── Records for processing ──

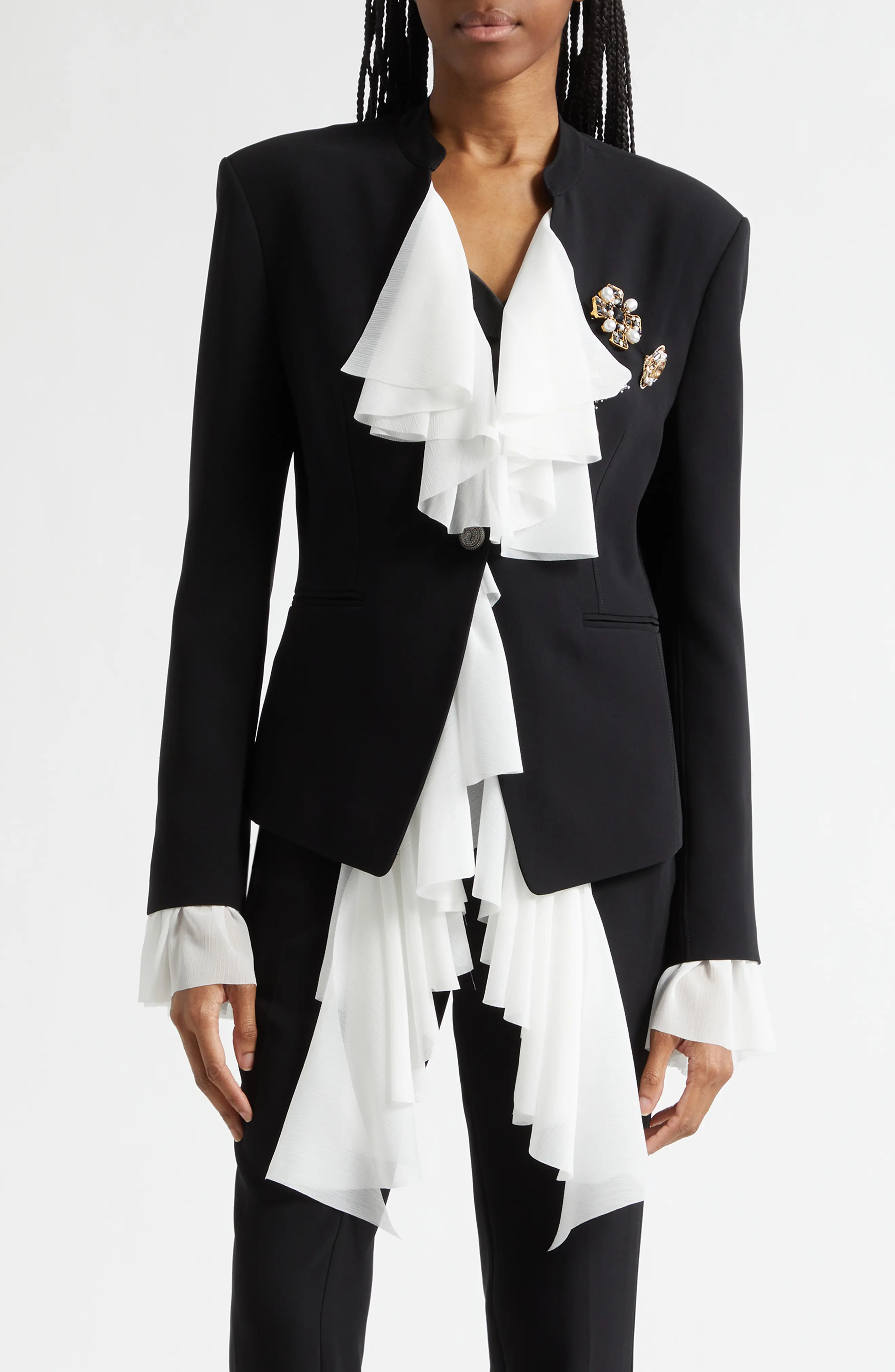 Cinq à Sept Maren Ruffled Blazer (Women) | Nordstrom | Nordstrom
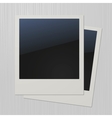 Two blank retro polaroid photo frames vector image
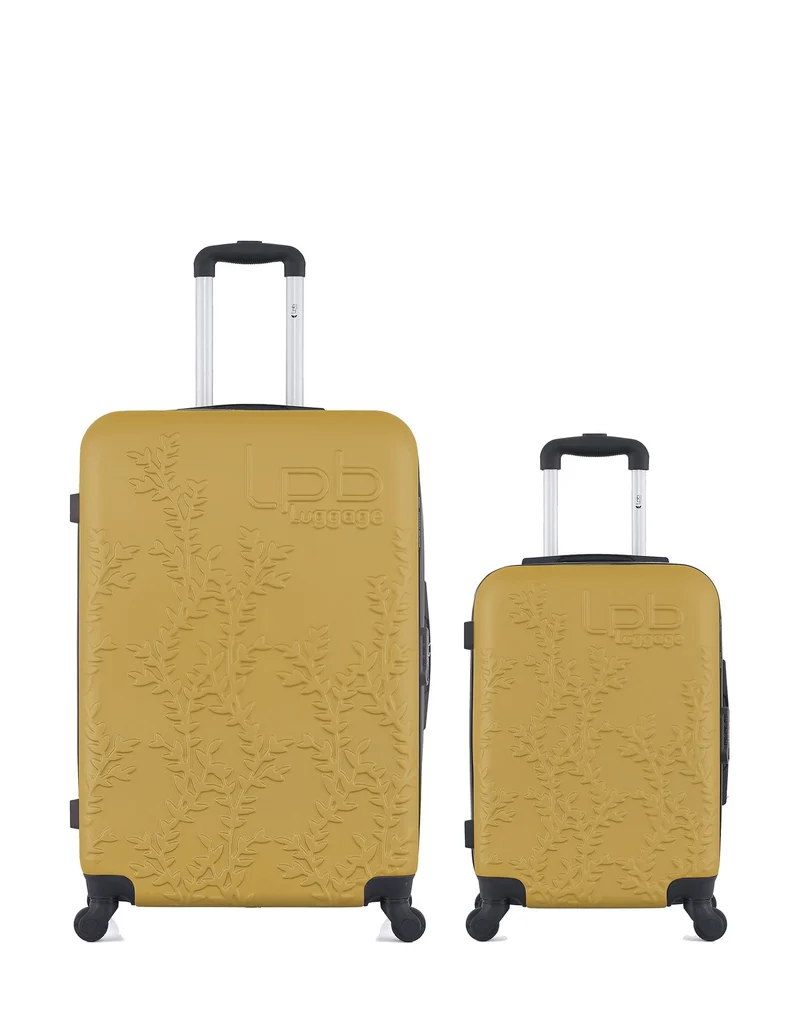 Lot de 2 Valises Rigides Grand Format et Cabine NAIS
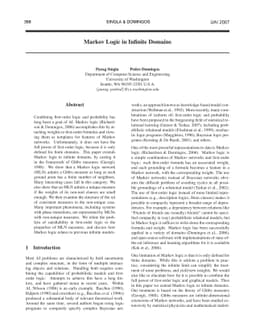Markov Logic in Infinite Domains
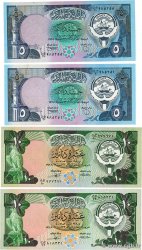 5 et 10 Dinars Lot KOWEIT  1980 P.14c et P.15c SPL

───

Please retype the entries above word for word, but only from the line containing "Markov Logic in Infinite Domains" through the last line, and without the pictures.

Markov Logic in Infinite Domains
 5 et 10 Dinars Lot KOWEIT  1980 P.14c et P.15c SPL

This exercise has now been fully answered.